BEGIN

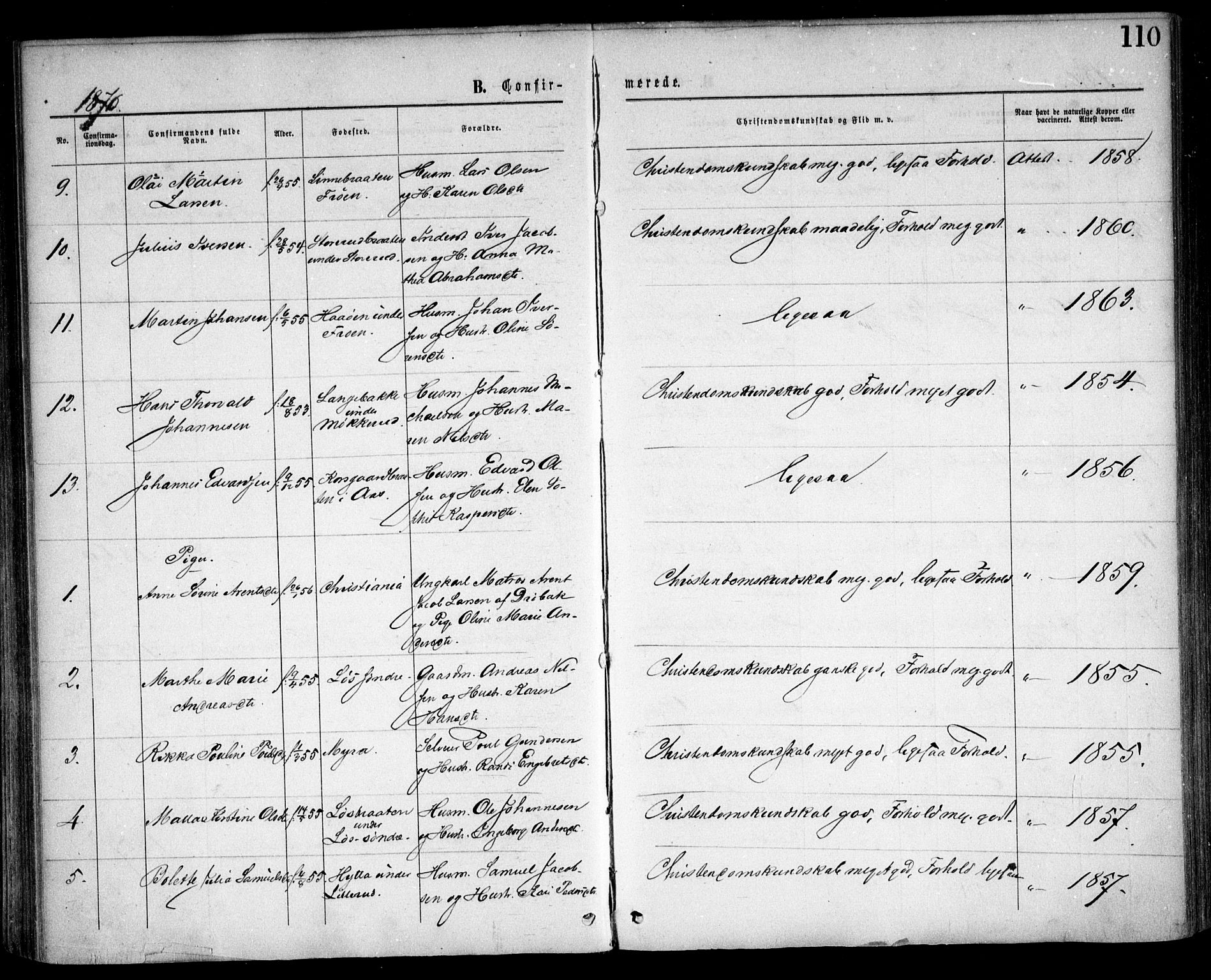 Nesodden prestekontor Kirkebøker, AV/SAO-A-10013/F/Fa/L0008: Ministerialbok nr. I 8, 1869-1879, s. 110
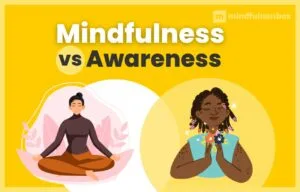 Mindfulness vs Awareness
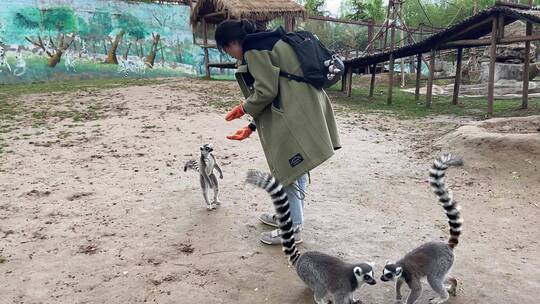 济南动物园游客与猴子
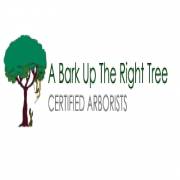 abarkuprighttree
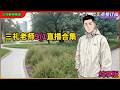 三礼老师9月1日直播合集纯享版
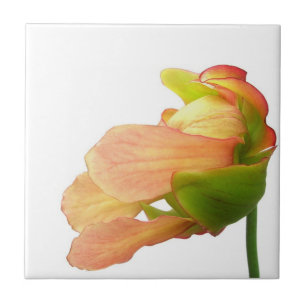 Pink Pitcher Plant Flower Tile
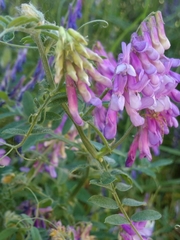 Vicia villosa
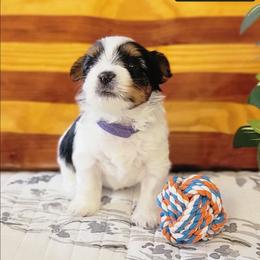 Jacob - Black tan and white male Biewer Terrier puppy in Conetoe, North Carolina from Southern Belle's Biewer Terriers & Papillons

END

> _What the exercise asks_: Write out the data exactly, but not its pictures.

> _Answer for this exercise_:
 Nesodden prestekontor Kirkebøker, AV/SAO-A-10013/F/Fa/L0008: Ministerialbok nr. I 8, 1869-1879, s. 110
 Mindfulness vs Awareness
 济南动物园游客与猴子
 abarkuprighttree
 三礼老师9月1日直播合集纯享版
 Pink Pitcher Plant Flower Tile
 Vicia villosa
 Jacob - Black tan and white male Biewer Terrier puppy in Conetoe, North Carolina from Southern Belle's Biewer Terriers & Papillons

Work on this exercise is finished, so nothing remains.